Gli elementi per imporsi come forzatissimo film d’autore, quindi in un’accezione del tutto negativa, ci sono tutti nell’opera prima di Henry Hobson la cui formazione si è per lo più sviluppata nell’industria dei videogame come regista di trailer e nell’attività di title designer.
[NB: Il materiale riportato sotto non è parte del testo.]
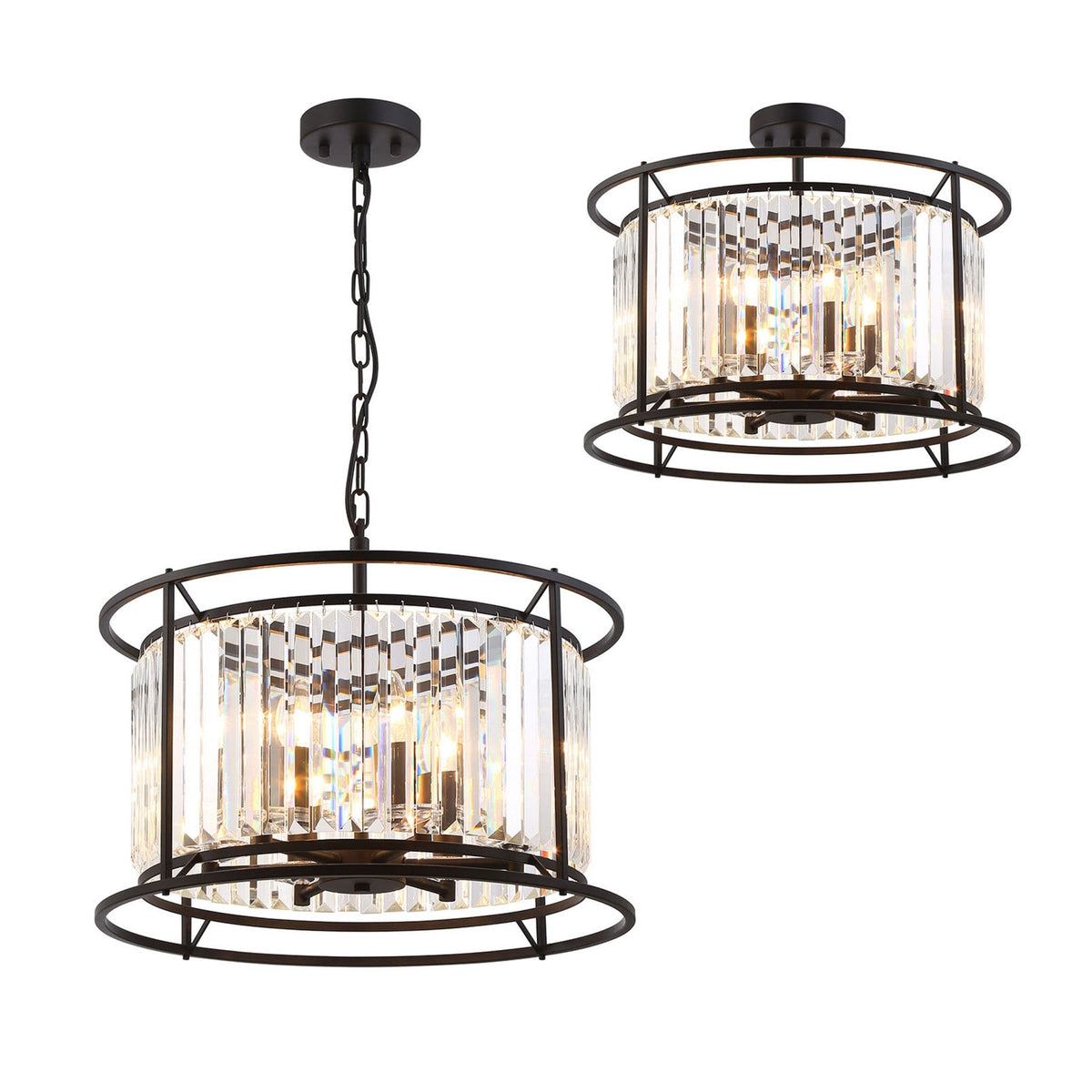 Torrington 6 Lamp 500mm Pendant in Satin Black with Clear Crystals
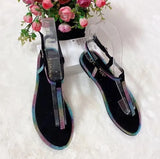 Breakj Color Rhinestone Sandal Plus Size Wear Clip Toe Women's Shoes Plus Size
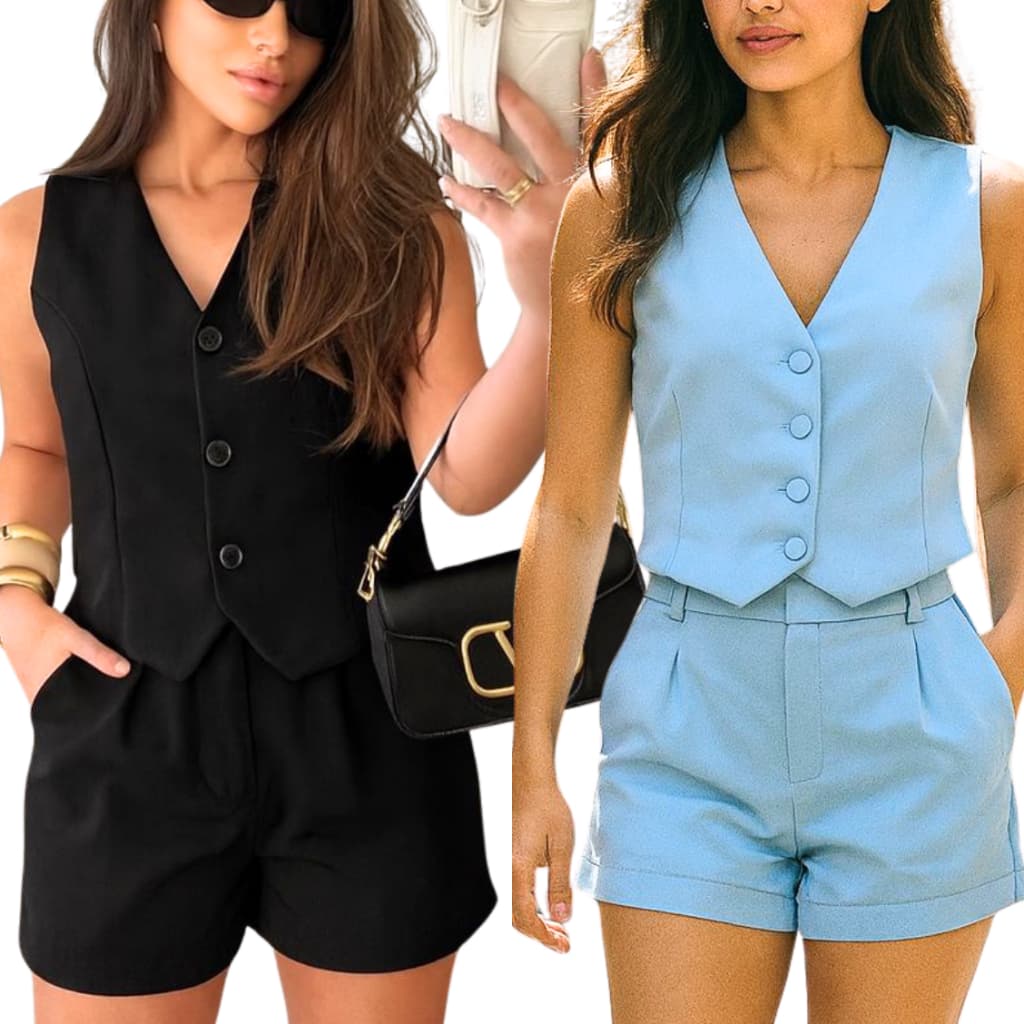 Conjunto Feminino Alfaiataria Luxo - Colete e Short Barbiecore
Tutti aspetti che confluiscono nella superficie di “Maggie” da un punto di vista estetizzante, per mimare il modello di certi brutti film da Sundance Festival dove il supposto rigore indipendente talvolta va di pari passo con l’assenza di qualsiasi sguardo.
Girato in 25 giorni con gli attori istruiti al millimetro in un contesto post apocalittico, traslando i comportamenti legati ai disturbi da Stress Post Traumatico come indicazione di massima per affrontare il set, il film risente dell’approccio vicino all’advertising e al graphic design che come si diceva, Hobson ha praticato fino a poco tempo fa curando tra le altre cose la campagna per X-Com.
I trucchi sono i soliti: inizio in medias res; scoperta progressiva delle cause che hanno ridotto la giovane Maggie in quelle condizioni; allargamento dell’ambito narrativo con la rappresentazione di una terra quasi abbandonata e con gli interni domestici a farla da padrone, oltre a questa strisciante piaga del contagio che tende a separare la cittadinanza sana dagli appestati in quarantena, sovvertendo tutti i rapporti della comunità anche all’interno della famiglia stessa.
Al centro Arnold Schwarzenegger che oltre a produrre il film si fa ritagliare da Hobson la figura crepuscolare di Wade Vogel, padre di famiglia che sopporta la croce di una figlia malata destinata a trasformarsi in uno zombie e pronto a sacrificare quello che rimane della propria vita per proteggerla ad ogni costo.
Con tutti i difetti del nuovo cinema digitale che si gingilla con le ottiche cinema, come se la relazione tra fuoco e fuori fuoco fosse già di per se una questione qualitativa, “Maggie” è un film lentissimo dove non accade niente. Non è una questione meramente narrativa, ma la manifesta incapacità di Hobson a gestire vuoti, fuori campo e un cinema che vorrebbe essere fortemente ellittico ma che in realtà risulta banalmente monodimensionale e senza alcuna capacità di lavorare sui corpi, sui gesti, sulla tensione tra spazio e performance e neanche sugli aspetti più strettamente sociologici che vorrebbe tiepidamente sollevare. “Maggie” non colpisce da nessuna parte e non va da nessuna parte, perdendo l’occasione di essere un film politico o semplicemente intimo.
Lo spazio chiuso e l’improvviso squarcio survivalista (la sequenza con la volpe) che espone il film alla retorica di quel cinema di ambientazione rurale tipico di alcune produzioni indipendenti americane ci ha fatto pensare ad un altro sopravvalutatissimo film, Winter’s Bone di Debra Granik, con cui condivide la stessa inerzia. In quel caso l’unica rivelazione era Jennifer Lawrence, in questo caso c’è l’anti-rivelazione di uno Schwarzenegger annichilito e congelato in uno spazio senza vita.